Earlier this week, UDR was the first REIT to declare its third-quarter earnings. The numbers surprised some analysts. Fundamentals are weakening, but the firm still held occupancies above 95 percent in all four regions. Its revenue came in line with forecasts from Robert W. Baird & Co., a Milwaukee-based wealth management, capital markets, asset management, and private equity firm, but its operating line was better than some analysts expected thanks to some cost savings.
“They were able to push through a continued focus on cost savings,” says Paula Poskon, a senior research analyst with Robert W. Baird. “That pushed the operating margin to come in about 165 basis points above where we forecast.”
Over the next two weeks, the industry will get to see if the other companies in the multifamily REIT space will also beat their expectations for the quarter. As usual, analysts don’t expect any great surprises. But the calls could shed some light on the REITs' plans for 2010 and beyond in what has become a rapidly changing marketplace. Here's a look at the three things analysts will be eyeing in the upcoming calls.
1. Portfolio Expansion
Remember those distressed opportunities everybody, including REIT CEOs, started talking about last year? Well, they haven’t materialized yet. As long as banks extend and pretend, Poskon thinks it will keep REITs on the sidelines. “Many of these REITs would like to buy,” Poskon says. “We’re not seeing the distressed level of pricing that the market anticipated a year-and-a-half ago.”
In fact, some people are seeing cap rates falling and 40-plus bidders on deals. "On good, A-quality, core deals, pricing has been high and cap rates have been surprisingly low," says Andrew J. McCulloch, an analyst for Green Street Advisors, a Newport Beach, Calif.-based consulting and research firm. "I think the REITs are getting more active in the acquisition hunt; they're just getting outbid."

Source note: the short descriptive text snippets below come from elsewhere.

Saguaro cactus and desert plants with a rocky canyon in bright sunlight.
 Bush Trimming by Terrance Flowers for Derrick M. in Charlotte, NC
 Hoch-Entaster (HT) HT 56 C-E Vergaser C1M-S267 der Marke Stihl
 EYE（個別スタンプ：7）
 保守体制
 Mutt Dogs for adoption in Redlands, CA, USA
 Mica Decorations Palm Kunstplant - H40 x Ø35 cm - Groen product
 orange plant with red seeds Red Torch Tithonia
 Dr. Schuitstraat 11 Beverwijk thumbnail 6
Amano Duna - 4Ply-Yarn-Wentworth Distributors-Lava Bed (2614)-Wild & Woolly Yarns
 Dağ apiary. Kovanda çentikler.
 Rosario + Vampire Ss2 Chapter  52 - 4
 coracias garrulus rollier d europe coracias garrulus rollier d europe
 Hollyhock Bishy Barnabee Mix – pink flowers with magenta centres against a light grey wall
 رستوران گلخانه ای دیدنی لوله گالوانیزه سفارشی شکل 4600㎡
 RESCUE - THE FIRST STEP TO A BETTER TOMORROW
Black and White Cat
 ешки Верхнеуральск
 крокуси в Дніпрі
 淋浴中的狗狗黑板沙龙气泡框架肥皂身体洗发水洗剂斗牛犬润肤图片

If REITs can't find buying opportunities and there is increased confidence that fundamentals are nearing bottom, McCulloch thinks they may turn to development a little sooner than expected to add units in anticipation of what should be good growth years in 2012 and beyond. "If you think fundamentals are going to be good in late 2011, 2012, and beyond, you may start looking at putting a shovel back in the ground next year" McCulloch says. "The REITs are in a better position than many private developers due to stronger balance sheets and better access to capital. An AvalonBay [Communities] can start development tomorrow if they wanted to."
2. Blocking and Tackling Strategies
So far, Poskon thinks the REITs have been holding up pretty well, given occupancy challenges. “They’re giving up on rental rates in an effort to maintain occupancy,” Poskon says. “That has been pretty successful. We saw decent numbers in occupancy in the second quarter, and I think we'll see that in the third quarter as well.”
So far, though, REITs have been able to stay in the good graces of their analysts by cutting costs. “We continued to be surprised on the expense lines,” Poskon says. “The companies have clearly put a big focus on cost-containment.”
Some REITs, as is the case with UDR, are focusing on technology applications that will reduce costs in areas such as advertising. Poskon says some companies are also cutting staff and renegotiating contracts with vendors to help boost the bottom line. Utility costs are down, and a lot of companies are pushing hard on insurance renewals and tax appraisals.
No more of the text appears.